A working group has been created to explore intimacy direction for those under 18 working in performance.
The group aims to collaborate with relevant industry bodies to formulate guidance about safeguarding and highlight the risks involved in working with children and young people on scenes of an intimate nature.
It will look at how chaperones, producers, directors and intimacy professionals can play their part to make a set safe and supportive when working on material such as family stories – in which children may act alongside adults playing their parents, for instance.
It is being led by the Intimacy Coordinators Branch committee – a recorded media division at BECTU.
Intimacy coordinator Tigger Blaize is part of the group and has brought his expertise to productions at Jermyn Street Theatre, Marylebone Theatre and on Disney’s We Were the Lucky Ones.
Blaize said: "A particular grey area seems to be with performers between 16 and 18, where a chaperone and licence is not a requirement (though a young person’s chaperone is possible, and good practice)."
He said there had been "historical shortcomings" and said it was vital "to safeguard young performers in their workplace", warning that a young person’s long-term mental health "may be affected many years after an event".
"We are keen to let the industry know that intimacy directors can be incredibly valuable and supportive to the creative process in working with children who are telling stories in a family unit – familial touch is an area where IDs can facilitate conversation and help performers build a library of consensual actions and movement language together," he added, explaining this could include holding hands or a child giving an adult a hug.
Blaize also said that, compared with TV, live entertainment was "catching up fast and interested in engaging", but that intimacy directors were too often "brought in late" to a rehearsal process.
Blaize said engaging intimacy direction late in the day meant actors and productions lose out on vital "preparation and consideration", telling The Stage: "Sometimes actors are left waiting to work on a scene of intimacy, which can build up in an actor’s mind; and stall the flow of the piece."
He attributed these delays to issues including funding, uncertainty about where to source intimacy directors and perceptions of theatre as an inherently caring workspace.
Blaize suggested theatre was possibly considered "a slower and less pressured process" and "a more caring and collaborative process".
But he warned: "Even if this is the broad and accepted feeling around creative work in theatrical spaces, it cannot be taken for granted, and everyone benefits when we take into consideration the needs of more marginalised individuals."
In a fringe event in Birmingham organised as part of Equity’s annual conference on May 19, Blaize, who is vice chair of Equity’s LGBT+ committee, also discussed the varied role of intimacy coordination and misperceptions around the job.

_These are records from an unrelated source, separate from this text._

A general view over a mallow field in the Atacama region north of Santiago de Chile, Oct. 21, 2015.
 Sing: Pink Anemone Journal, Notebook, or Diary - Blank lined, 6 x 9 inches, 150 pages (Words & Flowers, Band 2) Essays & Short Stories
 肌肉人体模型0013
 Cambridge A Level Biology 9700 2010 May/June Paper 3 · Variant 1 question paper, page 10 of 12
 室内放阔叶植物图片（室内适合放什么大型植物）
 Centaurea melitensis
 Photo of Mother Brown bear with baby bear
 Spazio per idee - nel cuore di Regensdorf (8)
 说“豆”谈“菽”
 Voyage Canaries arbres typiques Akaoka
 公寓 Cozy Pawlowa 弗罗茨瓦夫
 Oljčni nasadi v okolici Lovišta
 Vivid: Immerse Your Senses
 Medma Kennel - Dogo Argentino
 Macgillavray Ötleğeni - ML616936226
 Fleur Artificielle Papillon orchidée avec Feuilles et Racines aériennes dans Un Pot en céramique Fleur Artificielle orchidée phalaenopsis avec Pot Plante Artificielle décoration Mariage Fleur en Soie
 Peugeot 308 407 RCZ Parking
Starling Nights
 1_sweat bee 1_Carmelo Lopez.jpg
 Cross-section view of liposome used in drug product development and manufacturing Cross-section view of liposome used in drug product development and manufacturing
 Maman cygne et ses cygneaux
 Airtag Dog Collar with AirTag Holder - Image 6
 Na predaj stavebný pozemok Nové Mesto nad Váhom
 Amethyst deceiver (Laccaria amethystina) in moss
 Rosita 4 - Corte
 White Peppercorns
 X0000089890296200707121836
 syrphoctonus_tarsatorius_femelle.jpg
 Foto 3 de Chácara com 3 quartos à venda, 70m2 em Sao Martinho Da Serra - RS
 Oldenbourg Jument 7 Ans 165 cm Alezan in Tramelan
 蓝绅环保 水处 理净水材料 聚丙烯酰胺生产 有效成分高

He told attendees: "We are coordinating between all different departments. I will need to speak to props, I will need to speak to costume, I will speak to the legal department, I am coordinating with everybody [...] There is a lot of different parts of the role.
"That is why it is intimacy coordinating – we are juggling all these things. We are not just there to be a consent officer who stands there like the sex police, saying ′no, no, no’ and ′yes, yes, yes’. We are there to give a platform for everybody to bring their best work."